An example, I was twelve or thirteen years old when I first heard classmates talking about alcohol and drugs and partying in school, and I had no idea what they were talking about, compared to my daughter who was just seven.
My experience in law enforcement has involved a lot of responding to and investigating sexual assault, alcohol and drug violations, traffic fatalities, child sexual abuse and acts of violence, etc. Bullying has also become more prevalent in today's youth. My daughter experienced it in grade school and at the time it was addressed it with school staff. I thought was the end of it, aided by the fact that my career allowed us to move several times and experience new beginnings. However, she later told me that it continued well after I thought it was addressed, and occurred in various forms at the new schools.
The fact is that your child learns a lot more in school than just the curriculum. They’re exposed to drugs, alcohol, bullying and all the side-effects that come with it like depression, suicide and stunted social development that can follow them well into adulthood.

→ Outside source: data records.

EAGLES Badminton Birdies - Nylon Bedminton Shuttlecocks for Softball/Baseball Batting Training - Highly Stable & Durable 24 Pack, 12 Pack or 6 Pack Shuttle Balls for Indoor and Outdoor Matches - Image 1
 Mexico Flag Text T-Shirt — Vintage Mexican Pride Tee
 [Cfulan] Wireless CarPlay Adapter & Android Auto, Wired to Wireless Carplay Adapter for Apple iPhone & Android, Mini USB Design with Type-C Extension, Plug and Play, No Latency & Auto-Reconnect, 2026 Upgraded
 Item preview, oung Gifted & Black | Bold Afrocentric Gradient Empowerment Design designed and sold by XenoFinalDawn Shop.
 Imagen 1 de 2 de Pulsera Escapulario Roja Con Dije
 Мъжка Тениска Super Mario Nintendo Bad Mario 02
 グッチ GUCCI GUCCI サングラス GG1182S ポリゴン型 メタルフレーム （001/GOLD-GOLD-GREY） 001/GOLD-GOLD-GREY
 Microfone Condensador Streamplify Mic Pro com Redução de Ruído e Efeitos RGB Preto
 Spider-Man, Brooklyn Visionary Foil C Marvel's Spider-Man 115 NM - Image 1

Parents worry – that just goes with the territory. But are most of those worries justified?
Parents have every reason to be concerned about the safety of their children in today's world. I worked in law enforcement long enough to know for a fact that the world can be a scary place. I also believe the world is equally, if not more beautiful. The trick is educating your children and giving them the knowledge to know the difference.
Education begins with topics like Stranger Danger and on to Good Touch, Bad Touch as it relates to relatives, family friends or strangers, and of course drug and alcohol awareness. Teach them about the dangers of drinking and driving. Teach them sex education. In my opinion and experience, education is the best defense for today's youth.
Teaching kids about safety can make the world less scary for your children and with education comes confidence and better judgment. They will still have a decision to make, and of course mistakes will still be made. But education definitely increases the chances of a well-informed decision.
Looking back at my youth, my parents never spoke of drug or alcohol use or even sex. There was education and awareness in school, but at home, some things were never talked about. Once I became a parent, I made promises to myself and to her that she would be informed and aware of everything. In today's world, these types of conversations need to start at home with the parent.
It seems kids have less freedom today, than in the past. And yet they’re more connected to the world that even before. How do you deal with that?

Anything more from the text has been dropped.